> **LISTED ENTRIES**
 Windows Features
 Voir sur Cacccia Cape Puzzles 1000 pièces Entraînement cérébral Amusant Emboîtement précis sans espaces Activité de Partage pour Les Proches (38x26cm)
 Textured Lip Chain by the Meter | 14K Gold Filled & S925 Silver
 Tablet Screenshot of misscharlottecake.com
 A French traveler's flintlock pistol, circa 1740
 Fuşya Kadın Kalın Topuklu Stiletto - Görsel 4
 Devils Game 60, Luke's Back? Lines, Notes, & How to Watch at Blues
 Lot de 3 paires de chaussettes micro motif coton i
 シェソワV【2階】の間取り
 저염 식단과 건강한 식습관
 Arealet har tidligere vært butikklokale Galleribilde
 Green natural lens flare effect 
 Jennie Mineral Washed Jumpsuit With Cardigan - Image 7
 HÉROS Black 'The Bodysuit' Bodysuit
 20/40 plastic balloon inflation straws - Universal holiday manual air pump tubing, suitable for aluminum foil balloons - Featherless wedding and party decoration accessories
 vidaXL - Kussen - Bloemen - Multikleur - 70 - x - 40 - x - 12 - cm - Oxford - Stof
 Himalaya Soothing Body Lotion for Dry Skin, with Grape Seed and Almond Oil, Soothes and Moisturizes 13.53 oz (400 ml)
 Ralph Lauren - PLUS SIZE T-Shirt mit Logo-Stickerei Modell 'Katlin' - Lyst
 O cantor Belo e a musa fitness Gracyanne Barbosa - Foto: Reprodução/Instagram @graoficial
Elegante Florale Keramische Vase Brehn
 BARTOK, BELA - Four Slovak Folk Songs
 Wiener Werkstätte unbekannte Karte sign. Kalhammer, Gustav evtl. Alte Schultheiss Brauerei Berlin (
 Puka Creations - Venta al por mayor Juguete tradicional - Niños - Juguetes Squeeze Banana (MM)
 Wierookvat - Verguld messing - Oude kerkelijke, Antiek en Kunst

> **EXERCISE DESCRIPTION**
Write out, please, all of the material above exactly as written.

> **EXERCISE RESULT**
 Windows Features
 Voir sur Cacccia Cape Puzzles 1000 pièces Entraînement cérébral Amusant Emboîtement précis sans espaces Activité de Partage pour Les Proches (38x26cm)
 Textured Lip Chain by the Meter | 14K Gold Filled & S925 Silver
 Tablet Screenshot of misscharlottecake.com
 A French traveler's flintlock pistol, circa 1740
 Fuşya Kadın Kalın Topuklu Stiletto - Görsel 4
 Devils Game 60, Luke's Back? Lines, Notes, & How to Watch at Blues
 Lot de 3 paires de chaussettes micro motif coton i
 シェソワV【2階】の間取り
 저염 식단과 건강한 식습관
 Arealet har tidligere vært butikklokale Galleribilde
 Green natural lens flare effect 
 Jennie Mineral Washed Jumpsuit With Cardigan - Image 7
 HÉROS Black 'The Bodysuit' Bodysuit
 20/40 plastic balloon inflation straws - Universal holiday manual air pump tubing, suitable for aluminum foil balloons - Featherless wedding and party decoration accessories
 vidaXL - Kussen - Bloemen - Multikleur - 70 - x - 40 - x - 12 - cm - Oxford - Stof
 Himalaya Soothing Body Lotion for Dry Skin, with Grape Seed and Almond Oil, Soothes and Moisturizes 13.53 oz (400 ml)
 Ralph Lauren - PLUS SIZE T-Shirt mit Logo-Stickerei Modell 'Katlin' - Lyst
 O cantor Belo e a musa fitness Gracyanne Barbosa - Foto: Reprodução/Instagram @graoficial
Elegante Florale Keramische Vase Brehn
 BARTOK, BELA - Four Slovak Folk Songs
 Wiener Werkstätte unbekannte Karte sign. Kalhammer, Gustav evtl. Alte Schultheiss Brauerei Berlin (
 Puka Creations - Venta al por mayor Juguete tradicional - Niños - Juguetes Squeeze Banana (MM)
 Wierookvat - Verguld messing - Oude kerkelijke, Antiek en Kunst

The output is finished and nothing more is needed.